The machine learning algorithm looks for recognizable/predictable KPI behavior, which comes before the service's aggregate health score changes. You can use machine learning within Splunk ITSI to build a model for the service you want to track.

Build a model

  1. Open Splunk ITSI and in the top toolbar click Configuration, then Services.
  2. In the list of services, find the service you want to track. Click the Edit drop-down box to the right of the service name, then click Predictive Analytics.
  3. On this screen you will train and test different machine learning algorithms to determine which one gives the most accurate prediction. Use the instructions on-screen to select a time, algorithm type and algorithm, and click the Train button.

  4. After the model has run, investigate the results,  and click Save.
  5. Test out other algorithms by repeating steps 3 and 4. Note that the recommended model is the model that closely predicts a service’s health score. The recommendation might not be accurate if you change the test period. 

Review the Predictive Analytics score and add it to a glass table

  1. Open Splunk ITSI and in the top toolbar click Dashboards, then Predictive Analytics.
  2. In the list of services, find the service you want to track, and select the recommended algorithm model.

  3. After you have selected a model, Splunk ITSI will calculate the future Service Health Score. Click the Cause Analysis button to review the suggested KPIs.
  4. Click the spyglass icon  to review the SPL. Save it to a notepad to copy it into a glass table later.
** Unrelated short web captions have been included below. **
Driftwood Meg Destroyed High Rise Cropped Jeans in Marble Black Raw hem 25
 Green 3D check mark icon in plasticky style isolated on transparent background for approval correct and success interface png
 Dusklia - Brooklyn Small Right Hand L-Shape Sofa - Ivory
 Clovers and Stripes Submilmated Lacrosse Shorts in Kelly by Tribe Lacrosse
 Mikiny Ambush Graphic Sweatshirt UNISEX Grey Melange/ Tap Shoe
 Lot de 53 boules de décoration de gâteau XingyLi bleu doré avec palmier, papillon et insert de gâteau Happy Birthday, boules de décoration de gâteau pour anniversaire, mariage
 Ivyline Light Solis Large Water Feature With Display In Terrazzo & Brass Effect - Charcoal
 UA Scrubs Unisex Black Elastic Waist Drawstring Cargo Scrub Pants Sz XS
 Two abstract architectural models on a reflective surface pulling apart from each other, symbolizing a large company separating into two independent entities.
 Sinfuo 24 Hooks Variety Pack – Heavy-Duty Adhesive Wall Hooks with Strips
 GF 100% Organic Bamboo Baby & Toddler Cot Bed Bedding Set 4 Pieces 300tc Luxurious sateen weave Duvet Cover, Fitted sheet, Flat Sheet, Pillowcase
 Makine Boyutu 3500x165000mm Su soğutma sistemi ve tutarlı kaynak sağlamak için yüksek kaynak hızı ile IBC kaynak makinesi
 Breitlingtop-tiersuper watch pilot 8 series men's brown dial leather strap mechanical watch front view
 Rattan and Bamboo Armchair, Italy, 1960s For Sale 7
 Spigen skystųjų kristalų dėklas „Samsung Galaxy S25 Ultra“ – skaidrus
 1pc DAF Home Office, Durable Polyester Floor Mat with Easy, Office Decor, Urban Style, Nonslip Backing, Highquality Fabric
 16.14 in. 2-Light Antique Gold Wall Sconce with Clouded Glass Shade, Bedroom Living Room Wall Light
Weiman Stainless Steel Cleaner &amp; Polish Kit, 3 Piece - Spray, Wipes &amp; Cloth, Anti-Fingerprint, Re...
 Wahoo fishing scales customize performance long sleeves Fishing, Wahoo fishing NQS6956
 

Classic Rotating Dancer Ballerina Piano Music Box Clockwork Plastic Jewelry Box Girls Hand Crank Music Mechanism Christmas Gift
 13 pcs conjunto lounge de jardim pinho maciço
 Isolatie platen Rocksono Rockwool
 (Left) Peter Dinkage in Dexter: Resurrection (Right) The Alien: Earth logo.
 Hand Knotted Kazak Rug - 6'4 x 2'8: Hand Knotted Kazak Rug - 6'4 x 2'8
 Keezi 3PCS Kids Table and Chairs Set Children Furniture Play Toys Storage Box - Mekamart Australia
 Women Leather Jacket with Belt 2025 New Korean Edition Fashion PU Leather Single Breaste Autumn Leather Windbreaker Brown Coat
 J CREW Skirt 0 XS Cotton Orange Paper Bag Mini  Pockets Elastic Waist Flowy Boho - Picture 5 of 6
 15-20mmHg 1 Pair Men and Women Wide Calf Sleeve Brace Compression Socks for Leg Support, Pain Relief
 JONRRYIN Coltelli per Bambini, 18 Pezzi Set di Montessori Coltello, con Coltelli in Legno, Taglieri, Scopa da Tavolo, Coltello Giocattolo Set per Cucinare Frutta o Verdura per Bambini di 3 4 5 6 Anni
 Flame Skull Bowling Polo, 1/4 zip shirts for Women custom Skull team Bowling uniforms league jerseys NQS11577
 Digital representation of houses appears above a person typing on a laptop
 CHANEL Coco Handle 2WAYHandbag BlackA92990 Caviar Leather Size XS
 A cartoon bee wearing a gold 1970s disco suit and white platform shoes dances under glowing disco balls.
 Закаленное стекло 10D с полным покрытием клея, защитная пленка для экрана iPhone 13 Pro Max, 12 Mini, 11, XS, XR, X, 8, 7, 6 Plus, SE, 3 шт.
  5. In the Splunk ITSI top toolbar, click Glass Tables and select the glass table you'd like to add this score to.
  6. Select the Data Overview icon and click Create Ad hoc search.  
  7. Provide a Data Source Name and paste the copied search string into Search with SPL box. 
  8. Click Apply & Close.
  9. Select the ad hoc search you created to add it to the glass table. This adds a new ad-hoc visualization to the glass table.  
  10. Select the ad-hoc visualization. In the Configuration panel, select your desired threshold setting by clicking the desired Selected Data Field dropdown:
    1. Next30m_avg_hs (number) displays the average prediction.
    2. Next30m_worst_hs (number) displays the worst case prediction.
  11. (Optional) Add dynamic color thresholding to predictive analytics visualizations using the Coloring section in the Configuration panel.  For more information, see configuration options for single value and single value icon visualizations.  
  12. (Optional) Add a drilldown to the Predictive Analytics dashboard using the Drilldown Settings section in the Configuration panel.  
    1. Click + Add Drilldown
    2. For On Click, choose the Link to custom URL option.
    3. In a separate ITSI window, navigate to Dashboards > Predictive Analytics. Select the service and corresponding model to display the heath score prediction. Copy the URL.  
    4. Paste the URL you just copied into the URL field in the Configuration panel.  
    5. Click Apply to save your configuration.  
  13. Select a Visualization Type in the Configuration panel. You cannot use the sparkline or trending value visualization types because the prediction is a static value.  
  14. Click the Save icon.